In the copy, include every record below exactly as it appears, but no pictures.
========================
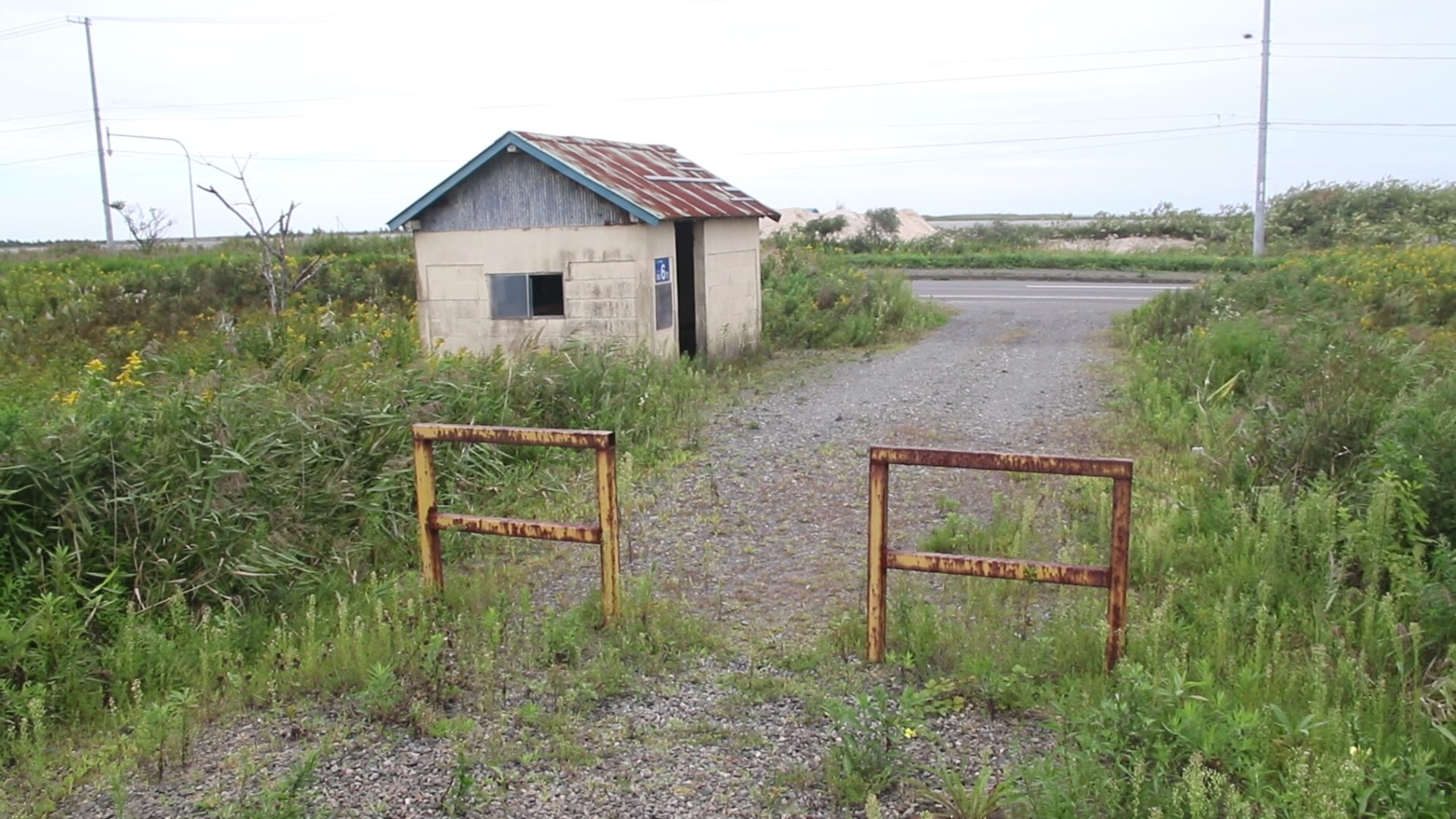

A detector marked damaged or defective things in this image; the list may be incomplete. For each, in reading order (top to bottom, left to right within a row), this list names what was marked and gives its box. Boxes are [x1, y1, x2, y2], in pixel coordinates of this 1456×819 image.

rusty corrugated metal roof [384, 130, 774, 230]
rust stain on metal [515, 130, 780, 221]
rust stain on metal [410, 422, 614, 448]
rust stain on metal [428, 513, 600, 544]
rusty pipe railing [410, 422, 620, 620]
rust stain on metal [407, 422, 623, 620]
rusted metal barrier [410, 428, 620, 617]
rust stain on metal [879, 548, 1106, 585]
rusted metal barrier [861, 446, 1135, 670]
rust stain on metal [861, 446, 1135, 670]
rust stain on metal [868, 446, 1129, 478]
rusty pipe railing [868, 446, 1129, 670]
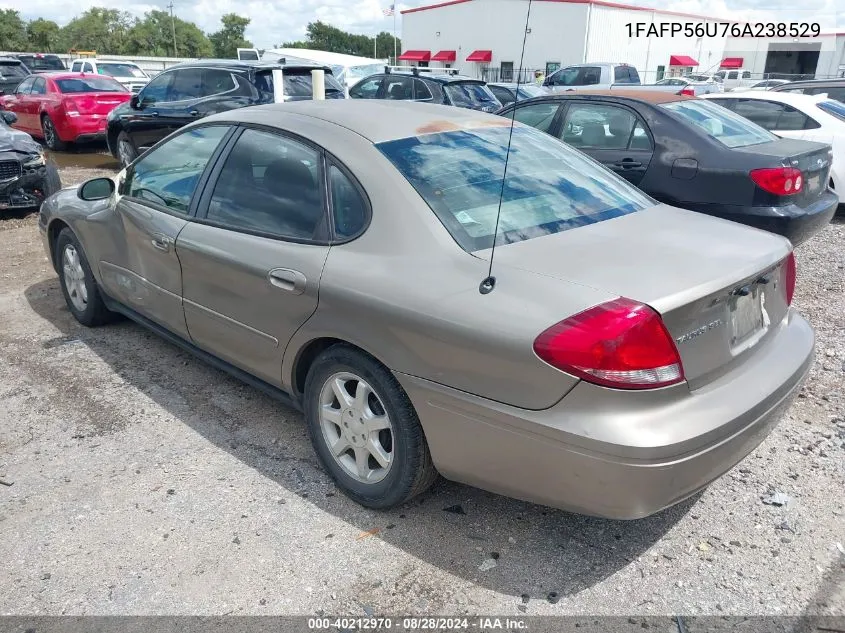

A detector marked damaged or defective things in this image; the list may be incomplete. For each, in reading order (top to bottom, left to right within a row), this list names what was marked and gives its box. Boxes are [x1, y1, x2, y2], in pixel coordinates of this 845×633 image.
========================
REPLY:
A detector marked damaged or defective things in this image; the list may be incomplete. For each, in reading order (top to bottom, left to right within a row), this list names what was marked and gives its box. Boxes are [x1, y1, x2, y2], in pixel coordinates of this 1456×819 image.

rusty corrugated metal roof [384, 130, 774, 230]
rust stain on metal [515, 130, 780, 221]
rust stain on metal [410, 422, 614, 448]
rust stain on metal [428, 513, 600, 544]
rusty pipe railing [410, 422, 620, 620]
rust stain on metal [407, 422, 623, 620]
rusted metal barrier [410, 428, 620, 617]
rust stain on metal [879, 548, 1106, 585]
rusted metal barrier [861, 446, 1135, 670]
rust stain on metal [861, 446, 1135, 670]
rust stain on metal [868, 446, 1129, 478]
rusty pipe railing [868, 446, 1129, 670]

A detector marked damaged or defective things in this image; the list may be incomplete. For each, in reading order (top to bottom, left to right within a row), this list names what was marked and gives its box. Boxes are [x1, y1, x2, y2], in pixel coordinates of this 845×633 image.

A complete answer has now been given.